Environ 10 % de la surface terrestre est recouverte de glace. Or, en raison du réchauffement climatique, les glaciers reculent de plus en plus vite et de plus en plus loin. Ils révèlent ainsi de nouveaux paysages qui, depuis des milliers d’années, étaient recouverts de glace.
Une fois la glace fondue, des formes de vie microscopiques colonisent le substrat rocheux désormais accessible, accumulant des nutriments et formant de nouveaux sols et écosystèmes.

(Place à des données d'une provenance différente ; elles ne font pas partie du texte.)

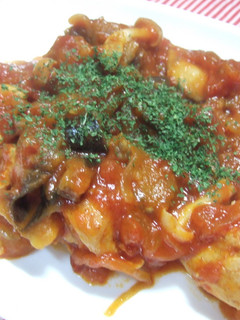 鶏胸肉のトマト煮♪-レシピのメイン写真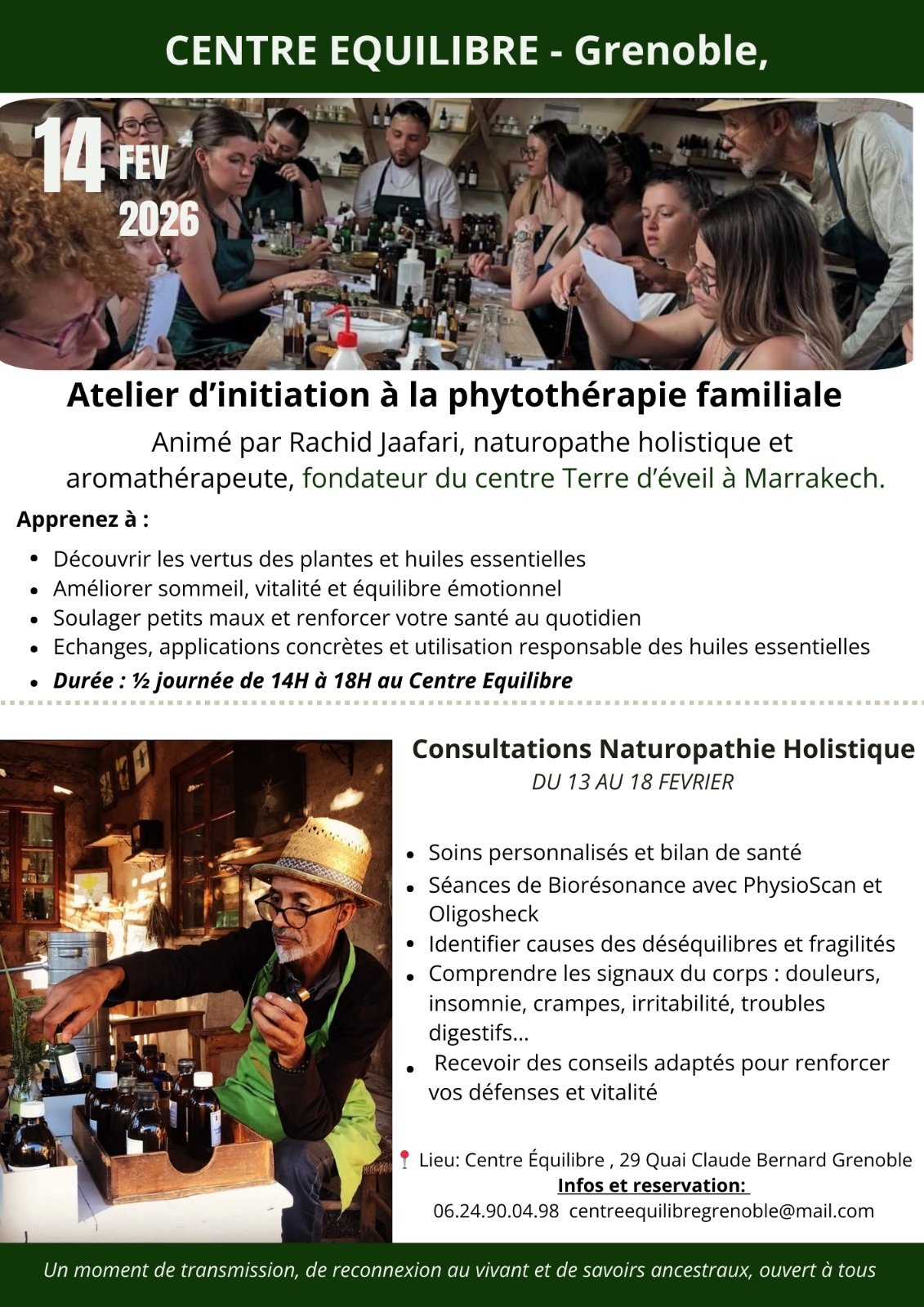 affiche aromathérapie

Le sol pouvant constituer un important réservoir de carbone dans les bonnes conditions, la manière exacte dont se forment les nouveaux sols après la fonte des glaciers est une question d’une grande importance scientifique et sociétale.

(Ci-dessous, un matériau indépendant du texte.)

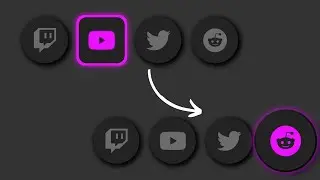 CSS Icons | CSS Icons Hover Effects with Source Code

Pour étudier la formation des sols arctiques, une équipe dirigée par le Dr Bradley s’est rendue au Svalbard, un archipel d’îles situé à mi-chemin entre le pôle Nord et la côte nord de la Norvège, et bien au-delà du cercle arctique. Ici, le climat se réchauffe sept fois plus vite que dans le reste du monde et les glaciers sont en déclin rapide.
Les paysages arides qui y sont exposés offrent très peu de ressources pour soutenir une quelconque forme de vie : le terrain rocheux manque de nutriments, les températures chutent bien en dessous de zéro pendant des mois et, en raison de la haute latitude, il n’y a aucun ensoleillement pendant la nuit polaire hivernale. Les tout premiers colonisateurs pionniers de ce terrain inhospitalier sont des micro-organismes tels que des bactéries et des champignons.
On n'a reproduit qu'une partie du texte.